Sacred art inspires through the ages

by Mary Hanbury

“How Catholic Art saved the Faith: The Triumph of Beauty and Truth in Counter-Reformation Art” by Elizabeth Lev, 2018.

Elizabeth Lev’s new book How Catholic Art saved the Faith will certainly entice art historians for a good read, but it will also captivate those who may not be able to tell the difference between a Michelangelo and a Caravaggio. Elizabeth Lev’s intent is to teach you about the meaning of sacred art and how it relates to us today.

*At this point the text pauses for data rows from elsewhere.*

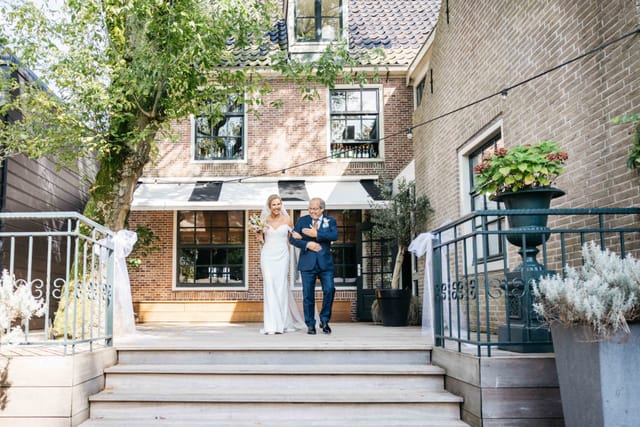 Elegant outdoor wedding venue with lush greenery at Brasserie Paardenburg.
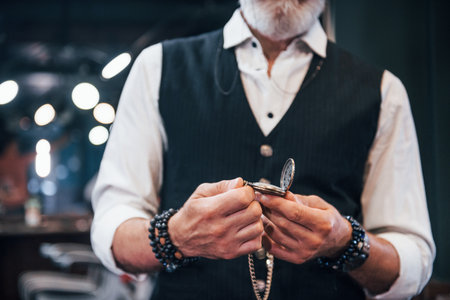 In retro clothes in barbershop. Stylish modern senior man with gray hair and beard is indoorsの写真素材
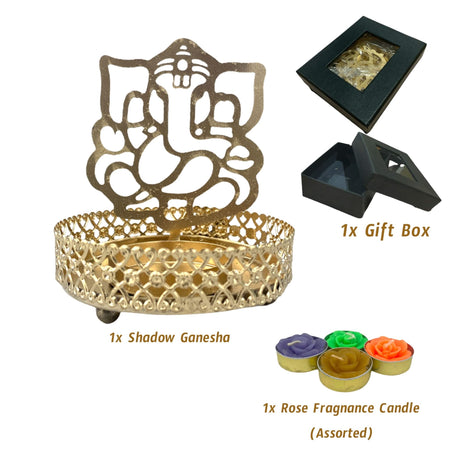Gold-colored Ganesha shadow diya holder with intricate base, gift box, and rose fragrance candles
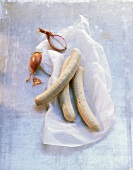 Raw sausages in parchment paper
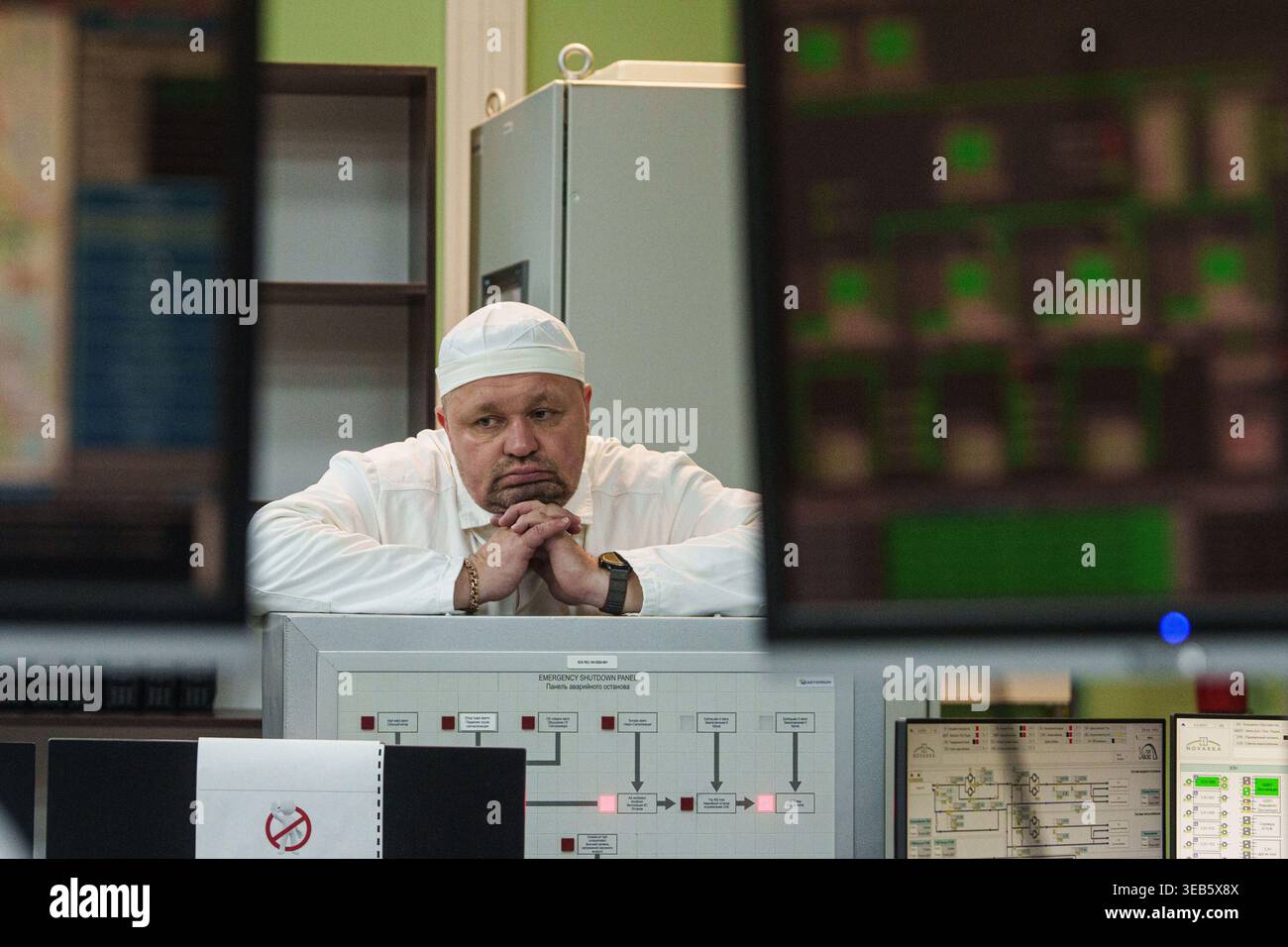 A worker at the Chernobyl nuclear power plant in Ukraine looks at ...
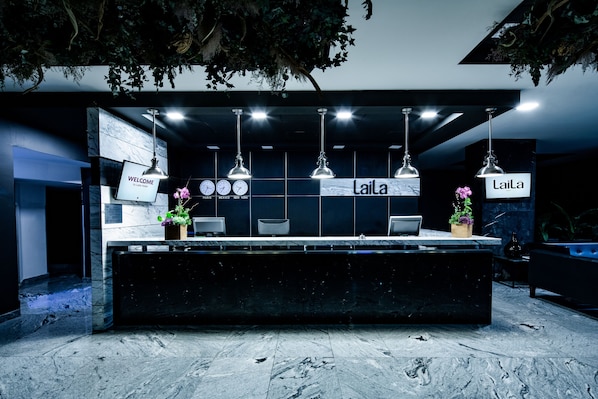 A reception desk with a 'Welcome' sign, a 'Laila' sign, and a digital clock displaying time in multiple cities. - Laila Hotel Mexico City Reforma (Mexico City)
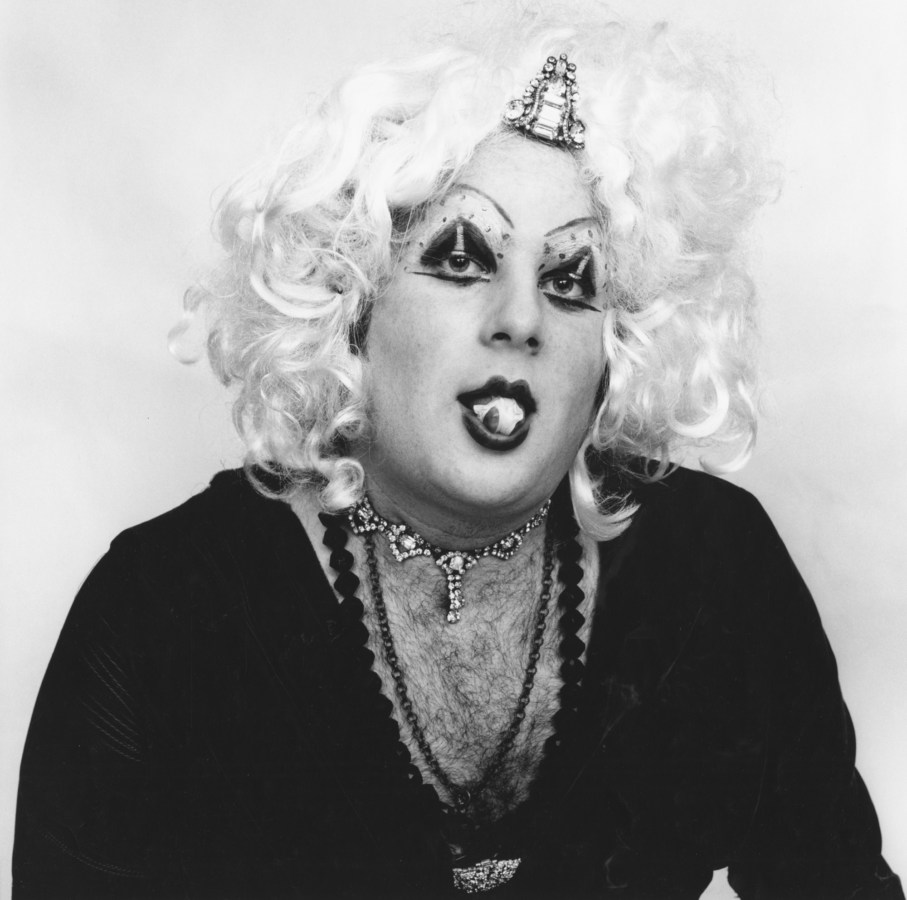 Black-and-white figure of a sitter wearing a blonde wig, heavy makeup, and a deep-cut shirt showing off a hairy chest, popping chewing gum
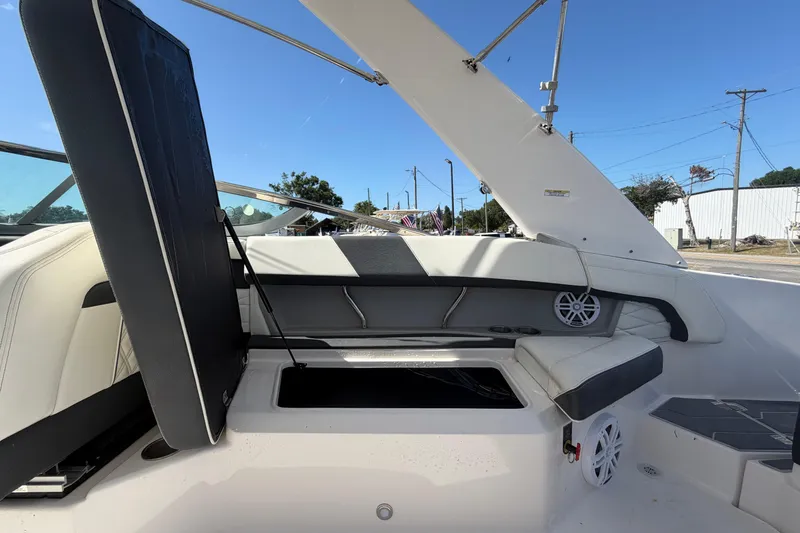 Slide: The Image of 2021 Regal 26 FasDeck boat interior with open storage compartment and seating. - 68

In her book, Lev chooses to discuss many different paintings commissioned during the time of the Counter-Reformation and observes how the struggles the Church faced back then “bear a striking similarity to the ones the faithful face today, while the truths of the Church that artists so deftly displayed half a millennium ago have remained the same.” She also offers ways in which learning about our artistic past can be useful for evangelization, bring clarity to doctrine, and uplift us. Lev points out that people were attracted to art back then just as they are now. “Art provided enticing fodder for the faithful.”

One of the works of art she spends a great deal of time on in the book is the famous fresco The Last Judgement by Michelangelo, which covers the back wall of the Sistine Chapel in Rome. The fresco was unveiled during Vespers of All Saints Day in 1541. It was this same day in 1517 that Martin Luther nailed his 95 theses on the door of Wittenberg Castle church. She paints for us a backdrop of corruption and the struggle for clarity of truth during this time period within the Church and how Michelangelo’s work responded to it. Lev points out that Michelangelo only depicts the sin of simony, as shown by a figure upside down with keys and a moneybag dangling from his waist. The Church was in the midst of a time of great struggle with those who abused their power by selling relics, indulgences, lucrative Church positions, and even tried to sell grace itself. This is the backdrop all the cardinals see during a Conclave as they vote for a new pope. She points out, this was the visual warning meant for them.

I have been to the Sistine chapel and have gazed at The Last Judgement many times. To me it was just a visual depiction of Jesus saying, “time is up, heaven or hell.” It is hard to make out details from a distance as Michelangelo painted a throng of twisted naked bodies in every which direction. Lev offers clarity and needed background information on this piece which transforms this work for me into a hope of salvation. For example, there are actually more people being saved in the fresco than those condemned. She also points out that there are no women in Michelangelo’s hell, which might show the high regard Michelangelo had for women. There is a friar ministering to the dead as souls leave their bodies, showing the care of the Church for souls. There are many angels fighting for souls as demons try their best to pull them down. There are others, unidentified souls also helping to lift souls into heaven. Lev’s thoughts are perhaps they could represent our loved ones who have gone before us, or souls in Purgatory who received prayers now enlisted to help us get to heaven. One soul is even pulling someone up by a rosary.

At the center of the fresco is Christ with his arm lifted as if to sweep it down on a final judgment, along with Mary at his side. Lev points out insight into Michelangelo’s thought process from his original drawings of the fresco. He had Mary depicted in a few different positions below Christ in the fresco. The final version has her close to his wounded side. She goes on to explain that it shows her as co-mediatrix and intercessor up to the point of judgement. She is under the arm of Christ, just as she is under the arm of God the Father in the Creation panel of the ceiling.

Today, we still like to look and gaze at sacred art, but perhaps it is because we are only drawn to the aesthetic beauty of some pieces. Lev helps us see the deeper meaning behind many works of art in illuminating how these pieces speak to us, just as much as they did to the faithful back then. Sacred art is a powerful tool that can be used to catechize and entice us into a deeper reflection of the truths of the faith. We have to regain the knowledge of the language of sacred art, which Lev attempts to do in this insightful new book.

Mary Hanbury is the Director of Catechesis for the Diocese of Fargo.